Detect the motility rate of recovery villus membrane tissue inner cell:0.25% pancreatin is added after the chorion that recovery obtains is shredded
Digestive juice, 37 DEG C digest 1 hour, add the clostridiopetidase A IV of 2g/L, 37 DEG C digest two hours.With life after 1500 turns/min centrifugation
It manages salt water to be resuspended, crosses cell sieve, sampling, Trypan Blue detects Cell viability.
Using 1 disclosure of embodiment in Chinese invention patent CN201210288706 (Authorization Notice No. CN 102763642B)
Method freeze villus membrane tissue and recover, using same method detect motility rate, the results are shown in Table 1, examines through Cell viability
Display is surveyed, the cell survival rate in amnion tissue is much higher than the prior art up to 95% or more.

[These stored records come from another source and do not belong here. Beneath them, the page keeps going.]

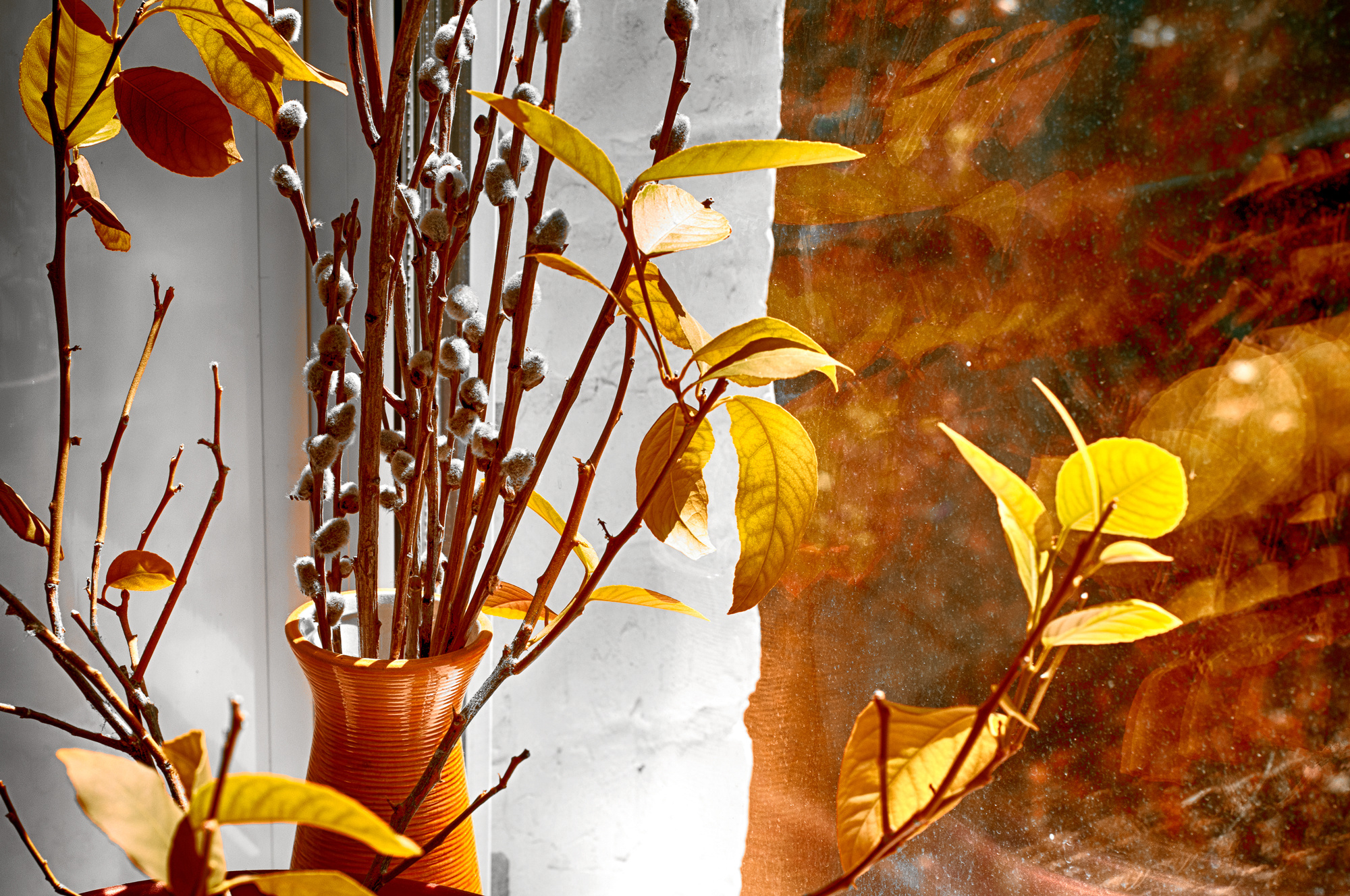 Родное. Фотограф в Москве, в Самаре Инна Мамонова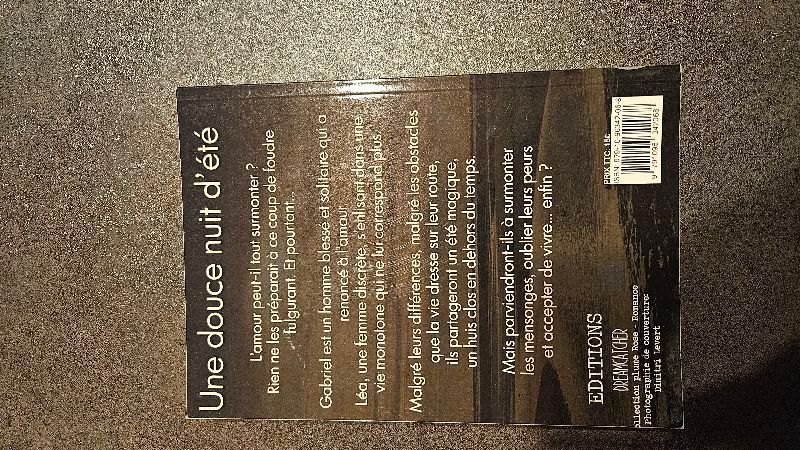 Une douce nuit d'été | Angélique Fejean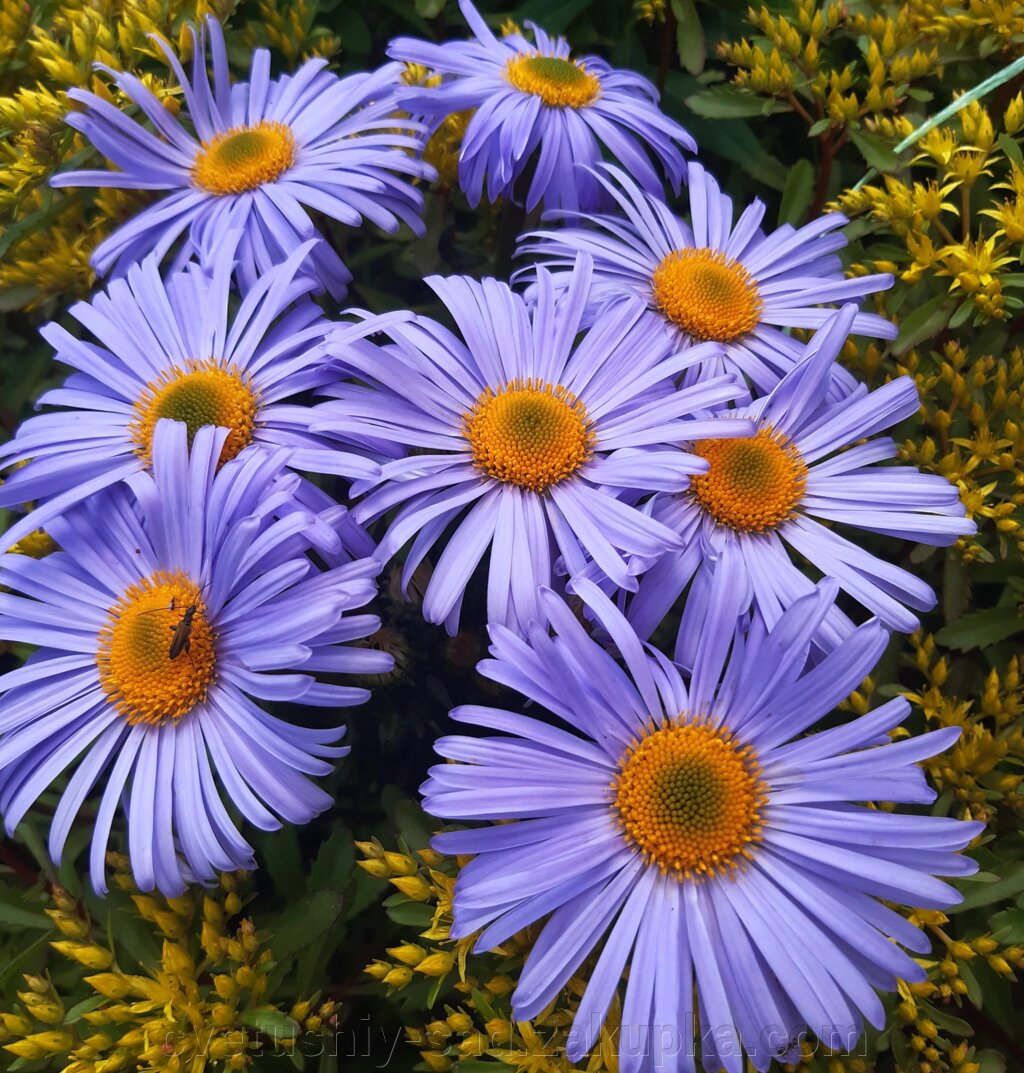 Aster tongolensis "Napsbury"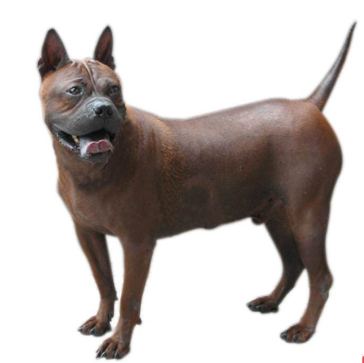 达州川东猎犬出售200元图片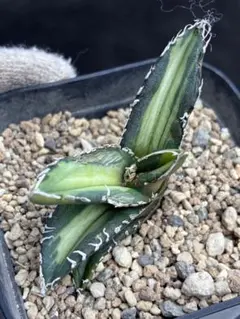 2026年最新】アガベ sad 錦の人気アイテム - メルカリ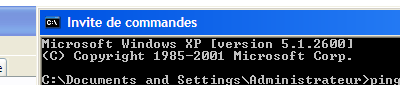 ROCO z21 et W-XP.PNG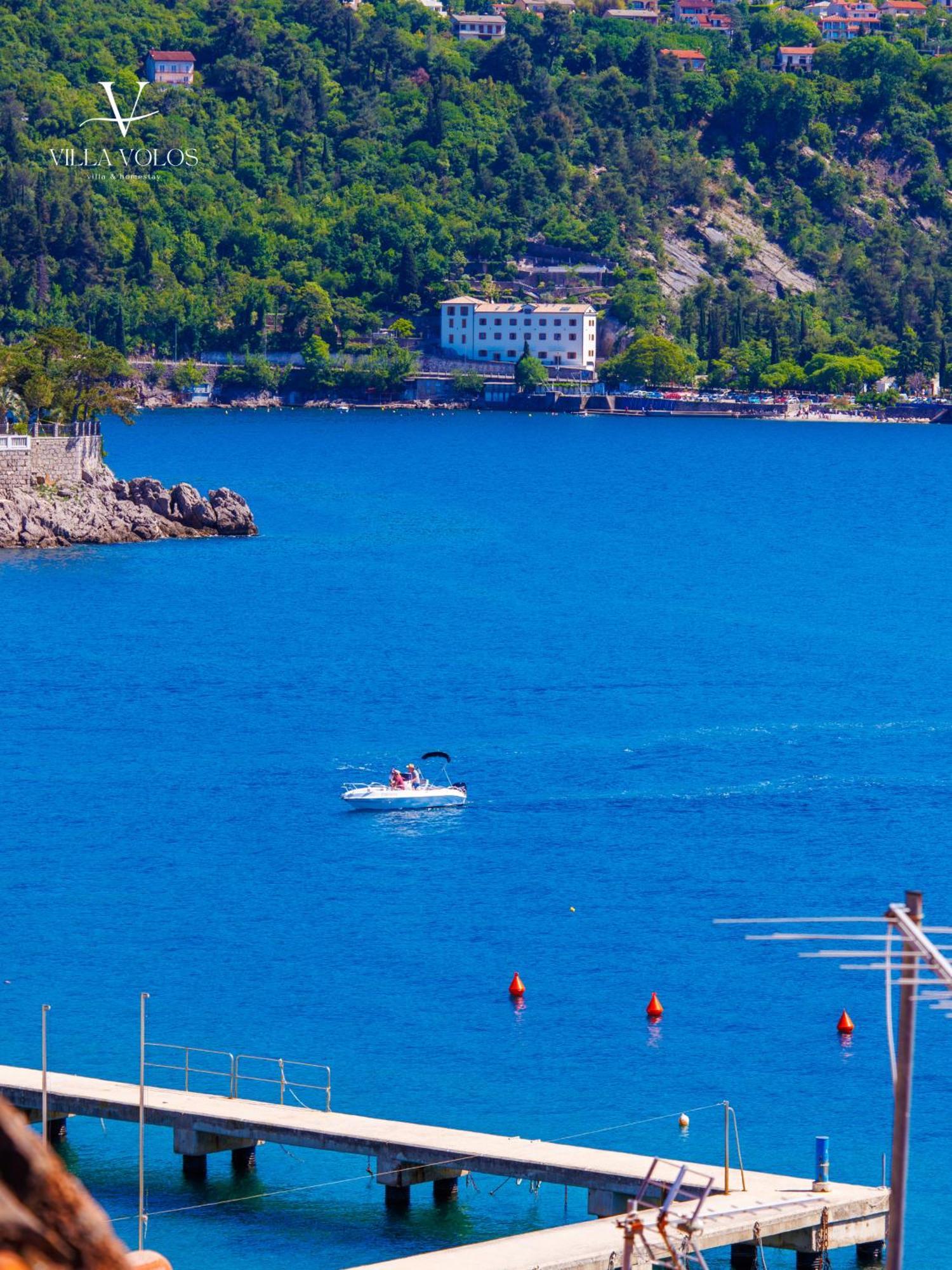 Villa Volos Apartment Karmen With Roof Terrace, Sea View, Free Private Parking オパティヤ エクステリア 写真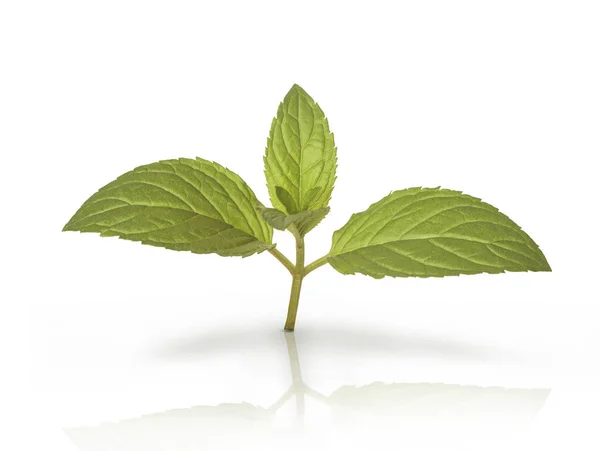 Mint leaves branch with reflection isolated — Stock Photo, Image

1 cryopreservation resuscitation chorion histocyte motility rate situation of table
Chorionic villi of placenta is separable to obtain placenta mesenchyma stem cell (method uses existing public technology), as a result such as Fig. 3
It is shown, as seen from the figure, it can have successfully been isolated to fill between obtaining after the placental villi membrane tissue recovery frozen using method of the invention
Matter stem cell.
Above-described embodiment is provided to those skilled in the art, how to implement and use to be advocated with full disclosure and description
Embodiment, rather than for limiting range disclosed herein.Obvious modification will to those skilled in the art
Within the scope of the appended claims.The all publications, patents and patent applications of this specification citation are incorporated by reference into this
Text, as these publications, patents and patent applications respectively show particularly and individually to be incorporated herein by reference.